In our code, we would need to rename these columns before joining. We would also need to reference the exact names of the input columns, which is not only annoying (because they’re long) but also inconvenient if the input column names change.

We also might write our finished data to a file that might later be read by another script in the pipeline. What if we change the column names of our outputted data? Then all other scripts who read our outputted data will need to be changed. That’s also inconvenient.

Solution: Declare ahead of time:

A schema for each of our input datasets
A schema for our final output.
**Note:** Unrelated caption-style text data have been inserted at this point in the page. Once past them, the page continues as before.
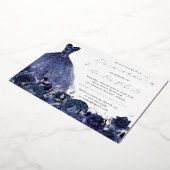 Dress Navy Zilveren Vlinder Bloemen Folie Uitnodiging (Gedraaid)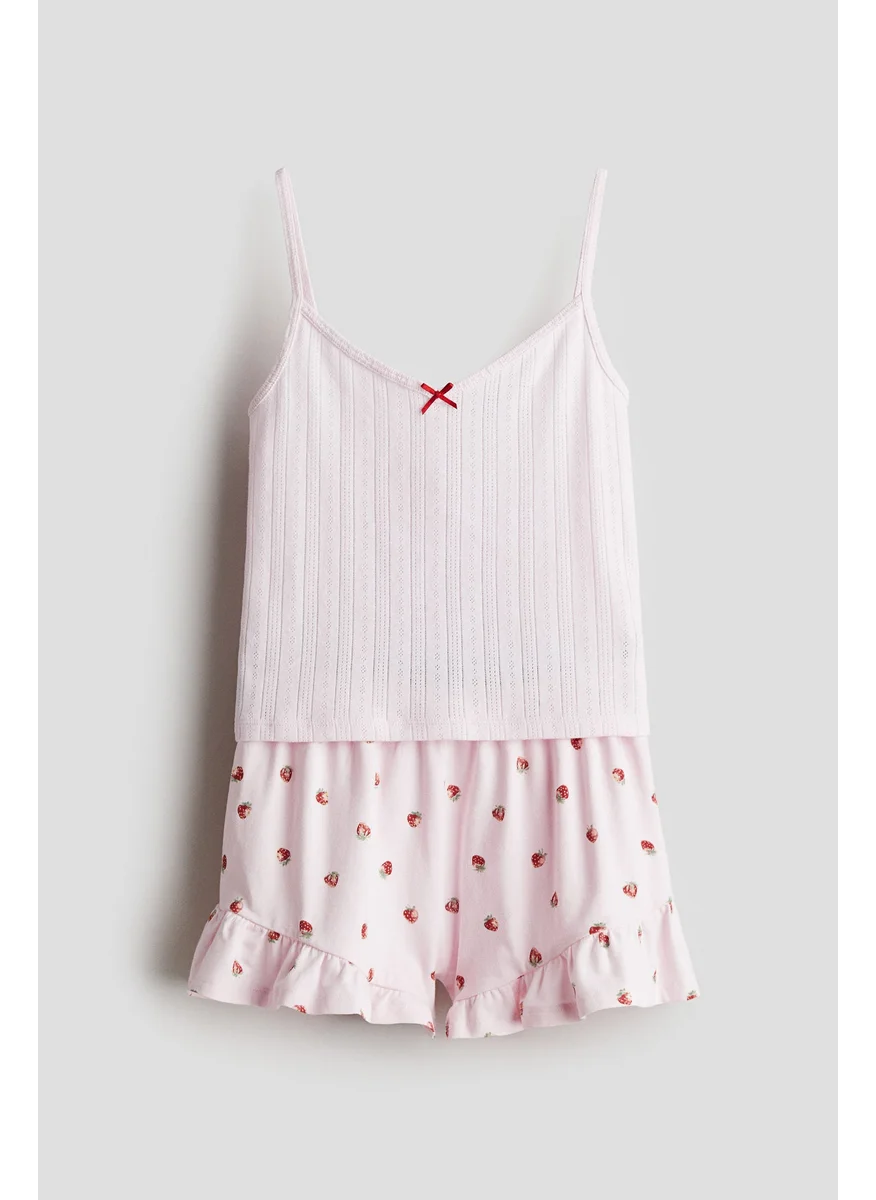 H&M Flounce-Trimmed Cotton Pyjamas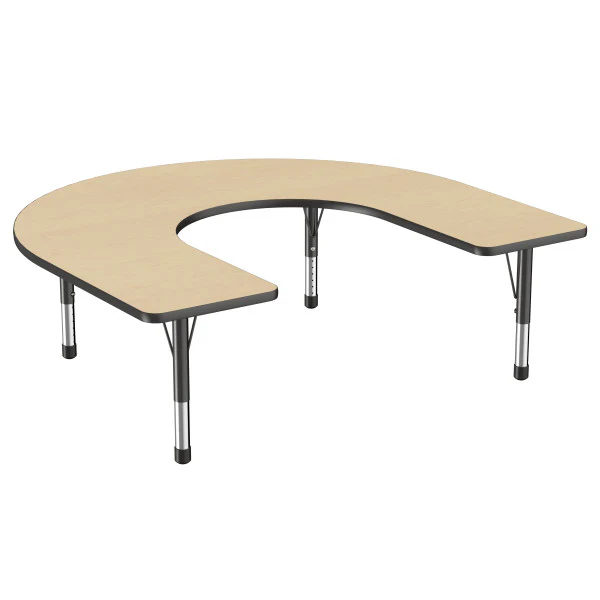 Horseshoe Maple/Black Activity Table with Standard or Chunky Adjustable Legs - Image 2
Then, another script in the pipeline who reads our output can reference this schema when reading data.

[67]:

sch_employee = Schema(
    last_name=("Employee Last Name", "Last Name"),
    first_name=("Employee First Name", "First Name"),
    age="Age",
)
sch_roster = Schema(
    last_name="Emp LName",
    first_name="Emp FName",
    hours="Hours Worked",
    rate=("Emp Hourly Rate", "Hourly Rate"),
)
sch_output = Schema(
    sch_employee[[
        "first_name",
        "last_name",
        "age"
    ]],
    sch_roster[["rate"]],
    pay="Total Pay",
    notes="Notes",
)

Here’s another look at the source data

[68]:

display(df_emp_raw, df_roster_raw)

	Employee First Name	Employee Last Name	Age	Favorite Color
0	Jared	Richards	24	red
1	Emily	Seitz	55	green
2	Nick	Smarts	33	blue

	Emp FName	Emp LName	Hours Worked	Emp Hourly Rate	Domain
0	Jared	Richards	45	80	Marketing
1	Emily	Seitz	87	60	Analytics
2	Nick	Smarts	23	50	Marketing

Now let’s apply the schemas to make selections and format our input data

[69]:

df_emp = sch_employee.select_inputs(df_emp_raw)
df_roster = sch_roster.select_inputs(df_roster_raw)
display(df_emp, df_roster)

	last_name	first_name	age
0	Richards	Jared	24
1	Seitz	Emily	55
2	Smarts	Nick	33

	last_name	first_name	hours	rate
0	Richards	Jared	45	80
1	Seitz	Emily	87	60
2	Smarts	Nick	23	50

[70]:

df = df_emp.merge(df_roster, on=["first_name", "last_name"])
df

[70]:

	last_name	first_name	age	hours	rate
0	Richards	Jared	24	45	80
1	Seitz	Emily	55	87	60
2	Smarts	Nick	33	23	50

[71]:

df["pay"] = df.hours * df.rate
df["notes"] = ""

# Let's try that again
df_output = sch_output.select_outputs(df)
df_output

[71]:

	First Name	Last Name	Age	Hourly Rate	Total Pay
0	Jared	Richards	24	80	3600
1	Emily	Seitz	55	60	5220
2	Nick	Smarts	33	50	1150

Now, how can we read in the output of the previous operations, and select from the new output names without creating a new schema?

Call .reset_inputs()

[72]:

# Pretend we're reading in the previous output from a file here
df_raw = df_output.copy()
df_raw

[72]:

	First Name	Last Name	Age	Hourly Rate	Total Pay
0	Jared	Richards	24	80	3600
1	Emily	Seitz	55	60	5220
2	Nick	Smarts	33	50	1150

[73]:

schema = sch_output.reset_inputs()

df = schema.select_inputs(df_raw)
df

[73]:

	first_name	last_name	age	rate	pay
0	Jared	Richards	24	80	3600
1	Emily	Seitz	55	60	5220
2	Nick	Smarts	33	50	1150

Create a schema that knows how to read its input data#

If you have some prep-work that’s always required after reading a certain dataset, it would be quite a luxury if the schema could handle this itself.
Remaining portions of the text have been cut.